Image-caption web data
────────────────────

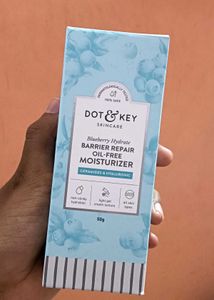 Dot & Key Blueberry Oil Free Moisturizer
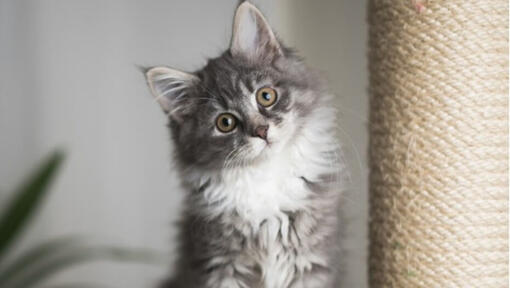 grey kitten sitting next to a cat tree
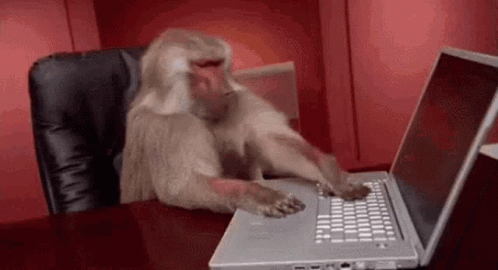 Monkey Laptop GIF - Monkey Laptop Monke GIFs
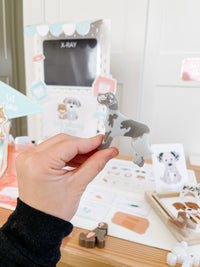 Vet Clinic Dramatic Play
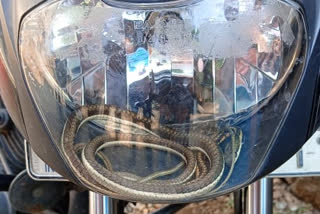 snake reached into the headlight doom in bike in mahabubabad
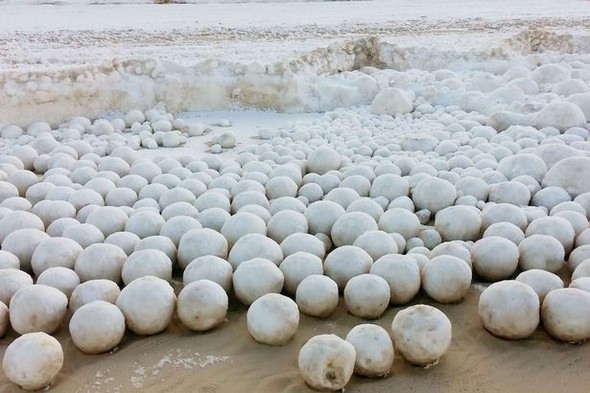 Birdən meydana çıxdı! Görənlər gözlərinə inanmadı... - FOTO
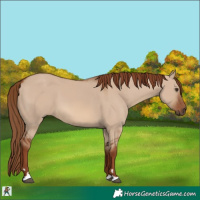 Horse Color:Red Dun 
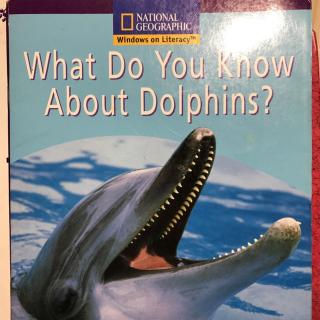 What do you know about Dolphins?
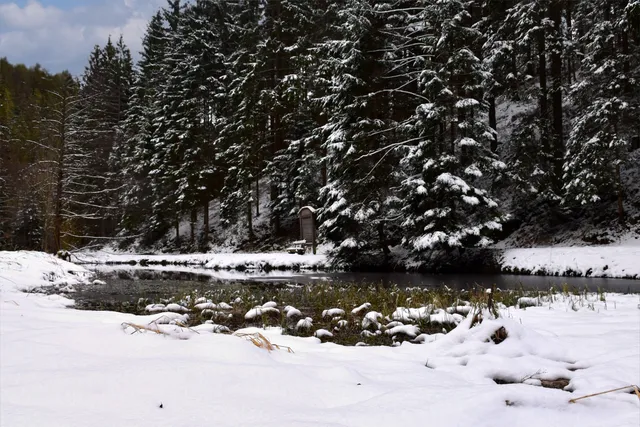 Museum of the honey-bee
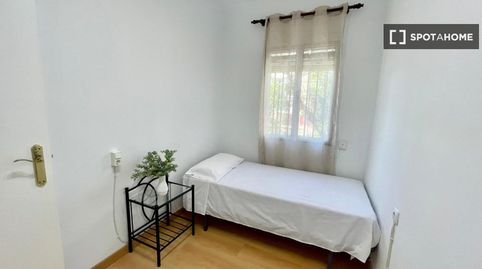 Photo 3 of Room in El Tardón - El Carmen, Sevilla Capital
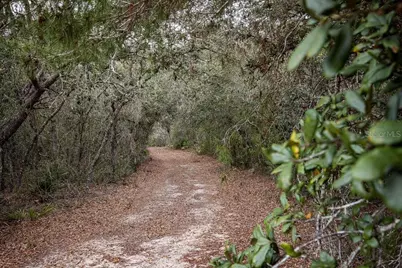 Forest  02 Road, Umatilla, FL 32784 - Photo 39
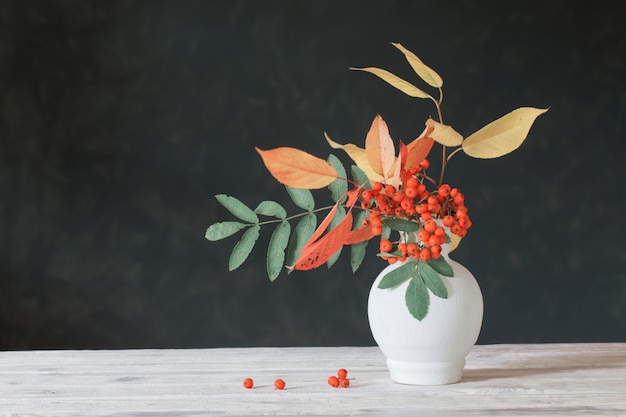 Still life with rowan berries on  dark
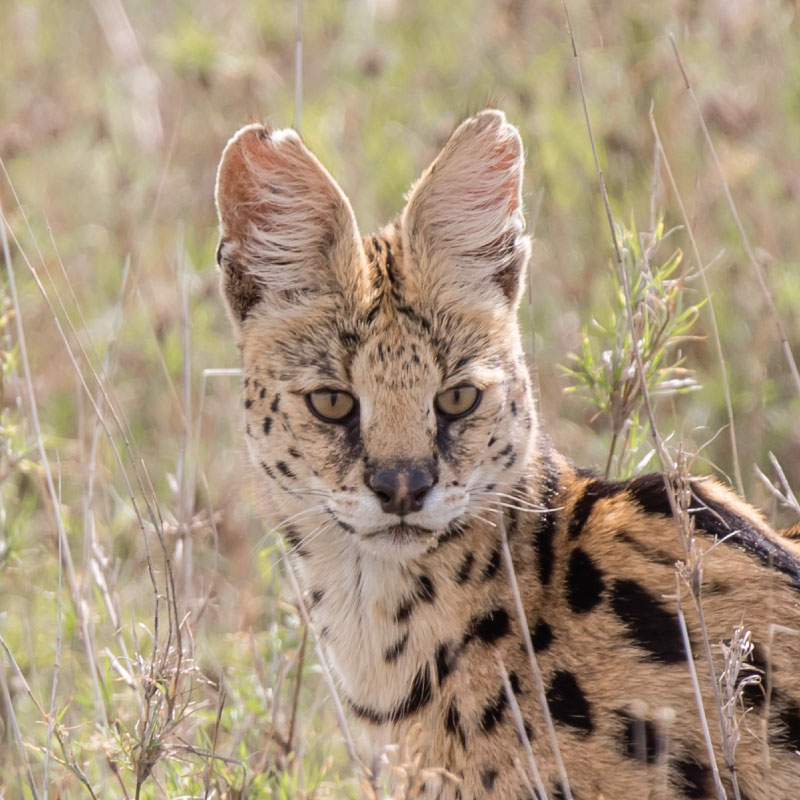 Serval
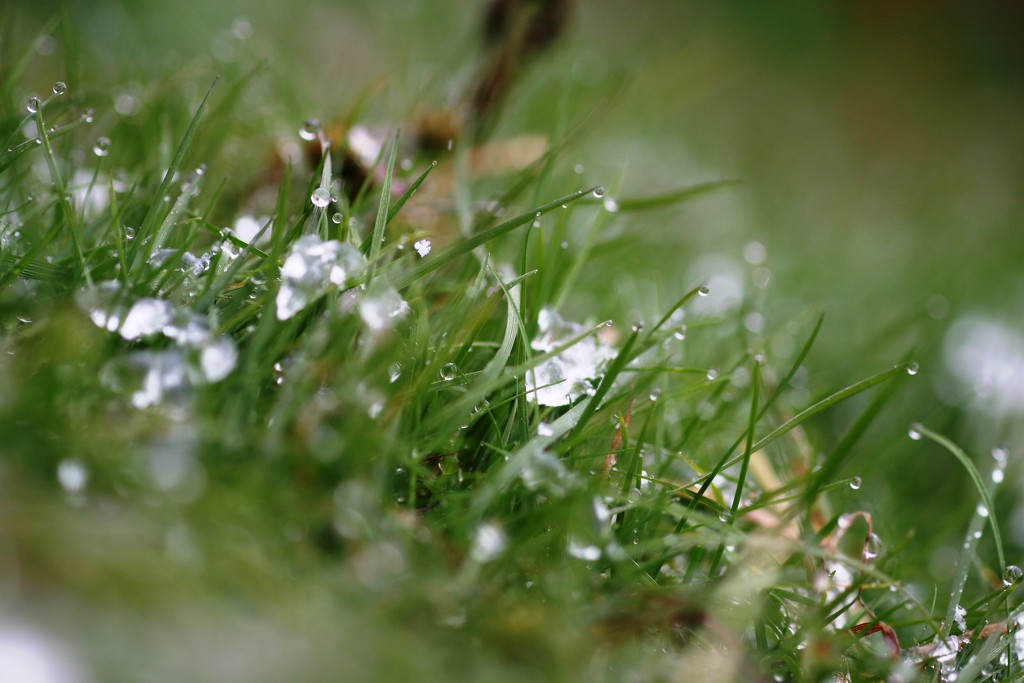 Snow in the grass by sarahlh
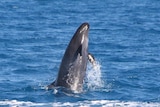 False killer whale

────────────────────

Reproduce exactly the part of the records above that begins at the line holding "snake reached into" and ends at the final line, both included, leaving out the pictures.

 snake reached into the headlight doom in bike in mahabubabad
 Birdən meydana çıxdı! Görənlər gözlərinə inanmadı... - FOTO
 Horse Color:Red Dun 
 What do you know about Dolphins?
 Museum of the honey-bee
 Photo 3 of Room in El Tardón - El Carmen, Sevilla Capital
 Forest  02 Road, Umatilla, FL 32784 - Photo 39
 Still life with rowan berries on  dark
 Serval
 Snow in the grass by sarahlh
 False killer whale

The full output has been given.